Beim Kauf: hälftige Teilung ist gesetzlich vorgeschrieben
Seit dem 23. Dezember 2020 gilt beim Kauf von Wohnungen und Einfamilienhäusern eine gesetzliche Regelung: Wird der Makler nur von einer Seite beauftragt, darf er von der anderen Seite höchstens die Hälfte der insgesamt vereinbarten Provision verlangen — und auch das nur, wenn die beauftragende Partei ihren Anteil nachweislich bereits gezahlt hat oder zeitgleich zahlt.

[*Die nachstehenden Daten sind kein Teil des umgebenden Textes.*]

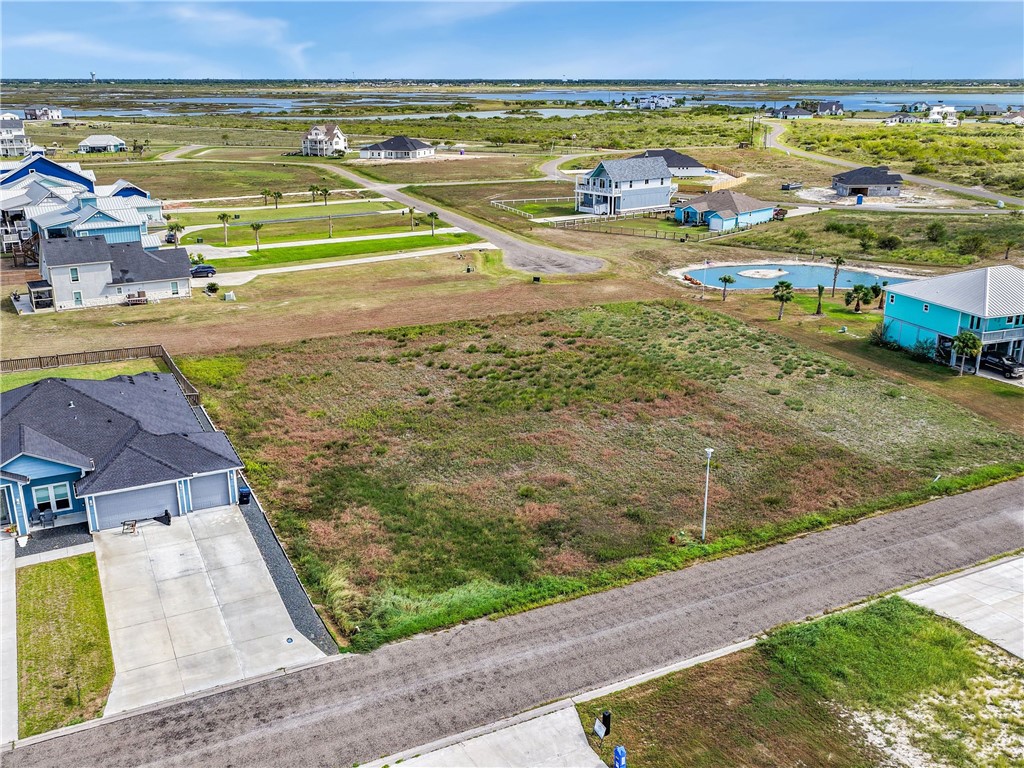 11 Westpointe Drive Rockport TX 78382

In der Praxis hat sich dadurch die hälftige Teilung zwischen Käufer und Verkäufer als Standard etabliert.
- Beide Seiten zahlen ihren Anteil in der Regel direkt an den Makler (sogenanntes Innenprovisionsmodell), nicht mehr untereinander.
- Eine Umgehung dieser Regel — etwa durch überhöhte Kaufpreise zur versteckten Verlagerung der Provision — ist unwirksam.

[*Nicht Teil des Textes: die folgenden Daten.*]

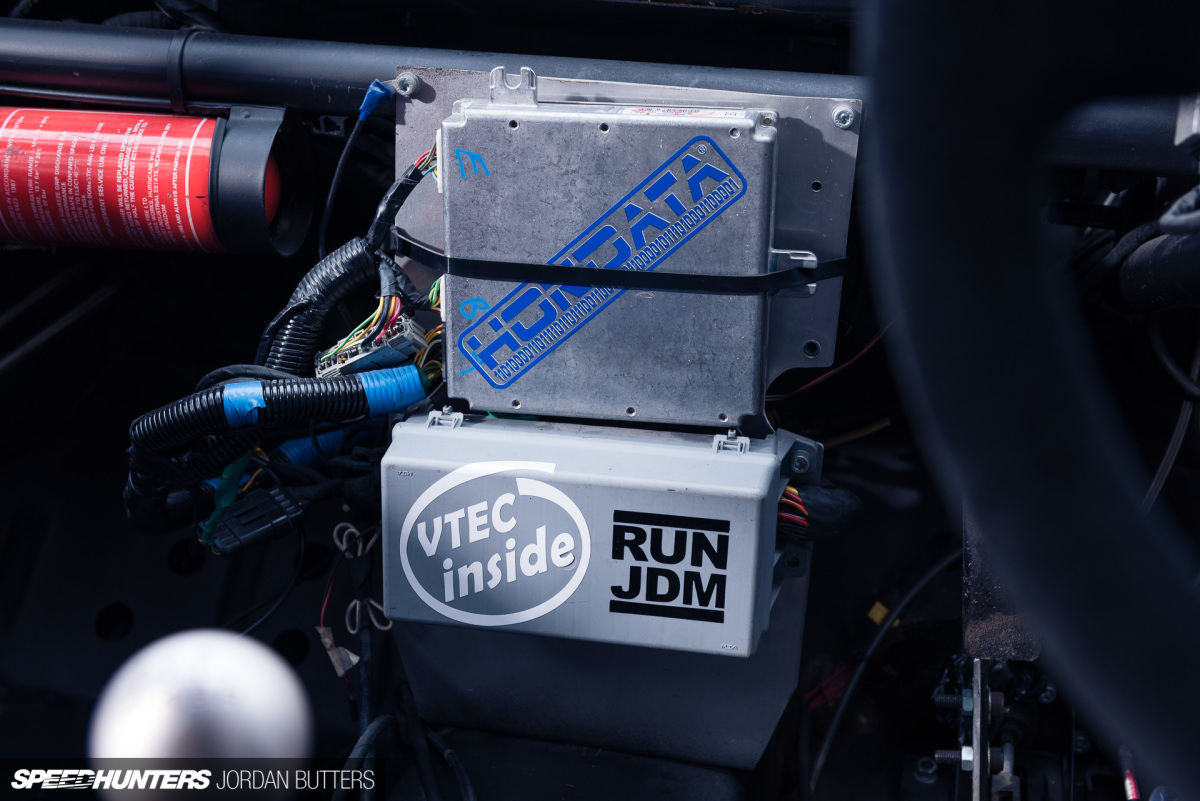K20-MK1Golf-Jordanbutters-SpeedHunters-47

- Die Höhe der Provision selbst ist gesetzlich nicht gedeckelt und frei verhandelbar; üblich sind in Hessen derzeit Gesamtsätze im mittleren einstelligen Prozentbereich des Kaufpreises, je zur Hälfte auf Käufer und Verkäufer verteilt.
Bei der Miete: das Bestellerprinzip gilt schon länger
Für Mietverhältnisse ist die Rechtslage klarer und gilt bereits seit 2015: Es zahlt, wer den Makler beauftragt hat — das sogenannte Bestellerprinzip. Da in aller Regel der Vermieter den Makler mit der Vermietung beauftragt, trägt er auch die Provision. Verlangt ein Makler die Courtage dennoch vom Mieter, ohne dass dieser ihn selbst beauftragt hat, ist das unzulässig.
Was die Provision eigentlich abdeckt
Eine marktgerechte Maklerprovision ist keine reine Vermittlungsgebühr, sondern deckt in der Regel die professionelle Aufbereitung des Exposés, die Vermarktung über relevante Kanäle, die Organisation und Durchführung von Besichtigungen, die Bonitäts- und Ernsthaftigkeitsprüfung von Interessenten sowie die Begleitung bis zum Notartermin ab. Gerade dieser letzte Punkt — ein durchgehender Ansprechpartner statt wechselnder Kontakte — macht für viele Verkäufer den eigentlichen Mehrwert aus.